Data in this exercise →
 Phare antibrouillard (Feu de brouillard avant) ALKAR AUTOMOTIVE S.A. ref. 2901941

---

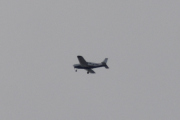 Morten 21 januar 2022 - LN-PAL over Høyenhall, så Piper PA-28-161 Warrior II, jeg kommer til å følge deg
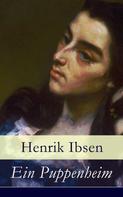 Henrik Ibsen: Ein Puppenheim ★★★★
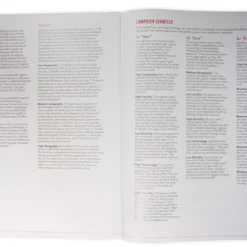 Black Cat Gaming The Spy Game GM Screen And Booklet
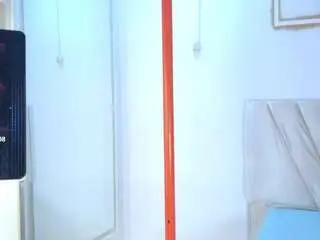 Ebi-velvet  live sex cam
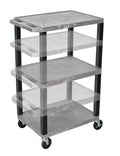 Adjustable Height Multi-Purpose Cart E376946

What this task involves →
Find the line with "Morten 21 januar" in the entries above. Set down exactly every line from it up to and including the line with "Adjustable Height Multi-Purpose Cart E376946", images excluded.

Response area →
 Morten 21 januar 2022 - LN-PAL over Høyenhall, så Piper PA-28-161 Warrior II, jeg kommer til å følge deg
 Henrik Ibsen: Ein Puppenheim ★★★★
 Black Cat Gaming The Spy Game GM Screen And Booklet
 Ebi-velvet  live sex cam
 Adjustable Height Multi-Purpose Cart E376946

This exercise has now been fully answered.